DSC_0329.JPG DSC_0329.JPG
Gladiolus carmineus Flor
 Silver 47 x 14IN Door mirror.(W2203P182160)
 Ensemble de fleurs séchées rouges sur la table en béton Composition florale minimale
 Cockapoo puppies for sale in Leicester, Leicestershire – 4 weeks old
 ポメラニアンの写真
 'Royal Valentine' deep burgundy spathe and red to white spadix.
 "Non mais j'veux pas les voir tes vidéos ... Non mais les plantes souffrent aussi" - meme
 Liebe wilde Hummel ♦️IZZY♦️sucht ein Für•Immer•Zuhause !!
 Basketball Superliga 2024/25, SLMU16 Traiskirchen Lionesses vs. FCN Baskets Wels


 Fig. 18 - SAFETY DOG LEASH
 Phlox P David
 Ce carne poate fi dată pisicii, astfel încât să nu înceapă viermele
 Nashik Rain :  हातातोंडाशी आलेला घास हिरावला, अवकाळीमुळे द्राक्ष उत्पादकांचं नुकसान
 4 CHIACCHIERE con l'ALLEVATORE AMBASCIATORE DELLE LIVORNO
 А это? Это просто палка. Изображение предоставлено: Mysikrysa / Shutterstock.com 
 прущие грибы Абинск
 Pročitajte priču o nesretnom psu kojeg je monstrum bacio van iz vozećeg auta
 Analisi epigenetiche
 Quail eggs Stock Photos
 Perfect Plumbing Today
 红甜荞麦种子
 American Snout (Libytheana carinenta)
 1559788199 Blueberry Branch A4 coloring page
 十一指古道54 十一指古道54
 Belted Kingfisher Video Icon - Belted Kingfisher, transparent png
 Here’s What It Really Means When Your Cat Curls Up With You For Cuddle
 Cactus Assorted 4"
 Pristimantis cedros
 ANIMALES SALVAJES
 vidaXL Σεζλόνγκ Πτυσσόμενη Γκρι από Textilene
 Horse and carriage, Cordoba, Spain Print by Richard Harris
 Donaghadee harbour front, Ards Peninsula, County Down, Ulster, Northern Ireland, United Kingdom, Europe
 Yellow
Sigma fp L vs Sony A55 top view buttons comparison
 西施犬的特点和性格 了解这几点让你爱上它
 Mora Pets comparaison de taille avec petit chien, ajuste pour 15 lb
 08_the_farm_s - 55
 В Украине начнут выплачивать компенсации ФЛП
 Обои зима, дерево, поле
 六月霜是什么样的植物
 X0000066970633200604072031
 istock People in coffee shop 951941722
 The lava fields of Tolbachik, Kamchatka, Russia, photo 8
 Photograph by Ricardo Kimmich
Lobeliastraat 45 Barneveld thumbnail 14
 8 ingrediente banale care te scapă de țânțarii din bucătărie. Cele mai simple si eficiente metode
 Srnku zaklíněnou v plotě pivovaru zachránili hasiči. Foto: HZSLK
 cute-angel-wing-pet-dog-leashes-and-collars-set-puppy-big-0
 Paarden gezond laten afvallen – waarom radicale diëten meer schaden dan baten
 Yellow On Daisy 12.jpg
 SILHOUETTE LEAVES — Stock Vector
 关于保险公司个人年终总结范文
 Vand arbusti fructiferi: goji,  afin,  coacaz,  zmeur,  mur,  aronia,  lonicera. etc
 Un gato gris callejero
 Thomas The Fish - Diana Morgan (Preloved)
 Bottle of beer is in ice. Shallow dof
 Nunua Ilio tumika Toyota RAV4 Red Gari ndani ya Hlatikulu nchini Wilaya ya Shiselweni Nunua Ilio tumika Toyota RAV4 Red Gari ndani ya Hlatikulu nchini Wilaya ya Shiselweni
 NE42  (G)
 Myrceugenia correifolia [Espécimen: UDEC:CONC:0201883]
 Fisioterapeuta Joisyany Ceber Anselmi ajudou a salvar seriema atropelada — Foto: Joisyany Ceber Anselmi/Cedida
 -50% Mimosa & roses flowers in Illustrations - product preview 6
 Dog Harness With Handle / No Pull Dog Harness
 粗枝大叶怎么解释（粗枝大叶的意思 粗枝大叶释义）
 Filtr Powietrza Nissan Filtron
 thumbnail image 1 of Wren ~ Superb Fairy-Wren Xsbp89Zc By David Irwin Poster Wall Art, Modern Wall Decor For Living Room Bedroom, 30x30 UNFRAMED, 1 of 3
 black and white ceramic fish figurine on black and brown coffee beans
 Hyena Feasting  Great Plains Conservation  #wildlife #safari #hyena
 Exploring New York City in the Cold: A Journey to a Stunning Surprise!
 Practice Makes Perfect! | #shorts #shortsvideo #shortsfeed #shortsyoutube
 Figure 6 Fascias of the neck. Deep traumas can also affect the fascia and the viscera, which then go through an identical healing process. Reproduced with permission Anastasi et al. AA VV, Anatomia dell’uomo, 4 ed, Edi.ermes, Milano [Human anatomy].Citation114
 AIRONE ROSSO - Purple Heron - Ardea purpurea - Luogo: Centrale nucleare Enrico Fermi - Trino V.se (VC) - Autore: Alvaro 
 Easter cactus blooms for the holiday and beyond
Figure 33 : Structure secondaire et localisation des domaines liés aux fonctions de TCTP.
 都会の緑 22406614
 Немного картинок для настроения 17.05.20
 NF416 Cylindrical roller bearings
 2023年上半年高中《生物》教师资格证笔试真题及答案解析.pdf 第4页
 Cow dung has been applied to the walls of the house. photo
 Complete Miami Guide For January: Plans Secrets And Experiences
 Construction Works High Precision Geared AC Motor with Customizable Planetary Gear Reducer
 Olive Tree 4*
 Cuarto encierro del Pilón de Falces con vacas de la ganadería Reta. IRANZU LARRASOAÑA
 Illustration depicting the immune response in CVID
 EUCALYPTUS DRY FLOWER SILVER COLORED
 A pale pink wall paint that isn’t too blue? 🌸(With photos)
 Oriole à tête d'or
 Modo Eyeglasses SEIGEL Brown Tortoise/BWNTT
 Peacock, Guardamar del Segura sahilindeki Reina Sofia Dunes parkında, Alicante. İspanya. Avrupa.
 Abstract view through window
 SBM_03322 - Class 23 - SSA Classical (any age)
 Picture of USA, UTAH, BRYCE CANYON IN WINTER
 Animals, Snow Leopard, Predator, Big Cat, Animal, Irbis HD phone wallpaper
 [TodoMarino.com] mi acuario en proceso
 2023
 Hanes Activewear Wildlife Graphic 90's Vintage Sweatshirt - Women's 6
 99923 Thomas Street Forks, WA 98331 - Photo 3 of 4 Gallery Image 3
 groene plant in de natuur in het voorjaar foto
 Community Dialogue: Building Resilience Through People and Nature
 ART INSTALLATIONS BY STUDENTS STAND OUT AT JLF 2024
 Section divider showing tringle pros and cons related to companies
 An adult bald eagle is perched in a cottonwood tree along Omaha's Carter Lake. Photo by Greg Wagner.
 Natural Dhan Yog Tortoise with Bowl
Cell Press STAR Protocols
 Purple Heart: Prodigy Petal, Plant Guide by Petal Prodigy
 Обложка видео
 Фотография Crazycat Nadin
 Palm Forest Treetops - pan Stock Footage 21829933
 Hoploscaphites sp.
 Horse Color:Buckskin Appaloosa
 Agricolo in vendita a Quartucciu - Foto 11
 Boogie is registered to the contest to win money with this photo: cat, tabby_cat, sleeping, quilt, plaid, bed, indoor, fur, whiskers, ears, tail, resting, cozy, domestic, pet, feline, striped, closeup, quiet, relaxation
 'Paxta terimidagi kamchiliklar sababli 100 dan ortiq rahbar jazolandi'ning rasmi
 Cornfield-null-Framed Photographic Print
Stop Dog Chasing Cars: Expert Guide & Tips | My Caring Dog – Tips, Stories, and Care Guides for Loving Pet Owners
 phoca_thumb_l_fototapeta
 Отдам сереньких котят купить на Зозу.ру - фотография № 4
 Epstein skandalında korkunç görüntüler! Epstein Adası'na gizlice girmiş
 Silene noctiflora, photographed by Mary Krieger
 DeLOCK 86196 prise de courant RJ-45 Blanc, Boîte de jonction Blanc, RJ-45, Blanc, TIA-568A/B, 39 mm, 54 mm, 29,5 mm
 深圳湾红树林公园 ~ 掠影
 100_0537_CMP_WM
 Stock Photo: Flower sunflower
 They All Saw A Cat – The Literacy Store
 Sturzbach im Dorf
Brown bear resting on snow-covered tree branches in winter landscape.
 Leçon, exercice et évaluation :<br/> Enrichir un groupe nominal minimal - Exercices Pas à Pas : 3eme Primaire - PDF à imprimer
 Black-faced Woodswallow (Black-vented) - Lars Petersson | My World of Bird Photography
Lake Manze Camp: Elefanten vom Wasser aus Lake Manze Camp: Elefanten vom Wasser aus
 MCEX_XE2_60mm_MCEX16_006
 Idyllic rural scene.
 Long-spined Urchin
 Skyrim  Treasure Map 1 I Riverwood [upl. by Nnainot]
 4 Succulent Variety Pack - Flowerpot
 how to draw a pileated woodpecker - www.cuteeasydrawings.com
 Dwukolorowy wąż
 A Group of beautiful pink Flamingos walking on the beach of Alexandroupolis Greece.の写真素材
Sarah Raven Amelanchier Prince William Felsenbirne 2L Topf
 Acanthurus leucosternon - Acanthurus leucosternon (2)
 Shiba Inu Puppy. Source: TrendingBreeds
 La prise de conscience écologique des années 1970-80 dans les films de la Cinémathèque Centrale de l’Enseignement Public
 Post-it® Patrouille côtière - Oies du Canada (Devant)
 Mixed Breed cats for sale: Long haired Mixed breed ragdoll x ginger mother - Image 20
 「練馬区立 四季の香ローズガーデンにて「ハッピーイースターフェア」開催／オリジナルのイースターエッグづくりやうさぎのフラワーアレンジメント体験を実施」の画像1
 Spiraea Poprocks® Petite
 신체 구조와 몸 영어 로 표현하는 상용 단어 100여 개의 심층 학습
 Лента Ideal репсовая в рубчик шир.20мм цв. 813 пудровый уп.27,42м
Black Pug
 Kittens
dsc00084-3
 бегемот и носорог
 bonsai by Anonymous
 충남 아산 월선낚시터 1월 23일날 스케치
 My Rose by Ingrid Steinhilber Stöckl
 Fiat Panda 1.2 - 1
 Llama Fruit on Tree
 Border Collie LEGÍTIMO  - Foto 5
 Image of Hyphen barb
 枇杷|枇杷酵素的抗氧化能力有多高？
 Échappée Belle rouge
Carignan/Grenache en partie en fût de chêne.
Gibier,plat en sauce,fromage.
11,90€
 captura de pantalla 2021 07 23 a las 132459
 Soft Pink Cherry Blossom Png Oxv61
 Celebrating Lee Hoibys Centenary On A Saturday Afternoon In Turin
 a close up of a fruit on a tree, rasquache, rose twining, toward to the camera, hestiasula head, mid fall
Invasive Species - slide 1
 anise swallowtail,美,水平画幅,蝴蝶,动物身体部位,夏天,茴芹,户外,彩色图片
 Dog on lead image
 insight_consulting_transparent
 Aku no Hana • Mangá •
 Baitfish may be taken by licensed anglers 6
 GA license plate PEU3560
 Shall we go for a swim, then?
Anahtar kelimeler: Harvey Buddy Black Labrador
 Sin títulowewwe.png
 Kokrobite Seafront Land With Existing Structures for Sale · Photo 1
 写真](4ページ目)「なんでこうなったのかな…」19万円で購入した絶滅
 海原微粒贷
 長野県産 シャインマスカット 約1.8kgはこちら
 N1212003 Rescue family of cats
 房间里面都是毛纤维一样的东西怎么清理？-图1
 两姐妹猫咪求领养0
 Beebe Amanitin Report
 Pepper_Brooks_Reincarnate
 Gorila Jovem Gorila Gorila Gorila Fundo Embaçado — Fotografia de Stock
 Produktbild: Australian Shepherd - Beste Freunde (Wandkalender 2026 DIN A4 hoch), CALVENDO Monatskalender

########

→ **How to complete this task**
Retype the records above, but only those lines that fall between the line containing "NF416 Cylindrical roller bearings" and the line containing "Modo Eyeglasses SEIGEL Brown Tortoise/BWNTT", with both of those lines included, exactly as written.

→ **Problem solution**
 NF416 Cylindrical roller bearings
 2023年上半年高中《生物》教师资格证笔试真题及答案解析.pdf 第4页
 Cow dung has been applied to the walls of the house. photo
 Complete Miami Guide For January: Plans Secrets And Experiences
 Construction Works High Precision Geared AC Motor with Customizable Planetary Gear Reducer
 Olive Tree 4*
 Cuarto encierro del Pilón de Falces con vacas de la ganadería Reta. IRANZU LARRASOAÑA
 Illustration depicting the immune response in CVID
 EUCALYPTUS DRY FLOWER SILVER COLORED
 A pale pink wall paint that isn’t too blue? 🌸(With photos)
 Oriole à tête d'or
 Modo Eyeglasses SEIGEL Brown Tortoise/BWNTT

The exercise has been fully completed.